WYOMING, Mich. (AP) - Snow and ice have made travel hazardous in much of Michigan, causing numerous crashes and at least four deaths, authorities said Sunday.

The National Weather Service said an Arctic front was bringing cold and windy conditions across Michigan’s Lower Peninsula, while up to a foot of snow was expected in the Upper Peninsula. Snow was falling over most of lower Michigan as of early evening, with temperatures mainly in the teens and 20s.

Temperatures are expected to drop in southeastern Michigan to highs of about 13 degrees on Wednesday and Thursday, according to the weather service.

At this time of year, “it’s not unusual to have a cold snap like this,” meteorologist Heather Orow told the Detroit Free Press. She said a warmup should begin by the weekend.

Two crashes Sunday morning killed three people in western Michigan, authorities said. Two people died in a single vehicle crash in the Grand Rapids suburb of Wyoming, while a two-vehicle crash in Grand Rapids killed one of the drivers. The victims’ names weren’t immediately released.

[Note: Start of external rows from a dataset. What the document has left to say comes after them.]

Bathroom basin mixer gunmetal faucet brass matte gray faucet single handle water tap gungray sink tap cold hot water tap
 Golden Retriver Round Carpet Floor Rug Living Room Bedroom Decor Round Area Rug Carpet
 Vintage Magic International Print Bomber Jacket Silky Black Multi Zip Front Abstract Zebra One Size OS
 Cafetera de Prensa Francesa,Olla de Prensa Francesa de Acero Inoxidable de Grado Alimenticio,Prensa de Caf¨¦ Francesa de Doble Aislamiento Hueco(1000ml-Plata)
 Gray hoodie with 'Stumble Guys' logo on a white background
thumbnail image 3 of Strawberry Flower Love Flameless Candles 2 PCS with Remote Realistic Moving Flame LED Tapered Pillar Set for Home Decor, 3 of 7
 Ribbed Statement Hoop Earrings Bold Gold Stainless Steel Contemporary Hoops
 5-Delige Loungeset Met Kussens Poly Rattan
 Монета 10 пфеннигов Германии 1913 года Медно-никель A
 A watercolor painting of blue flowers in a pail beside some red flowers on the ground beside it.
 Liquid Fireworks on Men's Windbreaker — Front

On the other side of the state, authorities said Stephany Salazar, 48, was killed Saturday afternoon after she went to help four people whose car slid into a ditch in Sanilac County’s Flynn Township. A 20-year-old man lost control of his vehicle, striking Salazar and one of the people involved in the earlier crash, the sheriff’s department said. The individuals in the original crash sustained minor injuries.

A car-truck crash Saturday afternoon on Interstate 75’s Zilwaukee Bridge in Saginaw County injured the truck’s driver and temporarily closed the northbound lanes.

Other injury accidents were also reported Saturday in Oakland and Van Buren counties.

But the weather wasn’t especially unusual. While at a gas station Sunday, Detroit resident Valerie Brock said she was more impressed with the mere $25 it cost to fill up her car than by the coming Arctic air. Michigan gas prices dropped below $2 a gallon on Thursday for the first time in years.

“I’ve lived in Michigan for most of my life,” Brock said. “You just expect it. As they say, wait one day in Detroit and the weather changes.”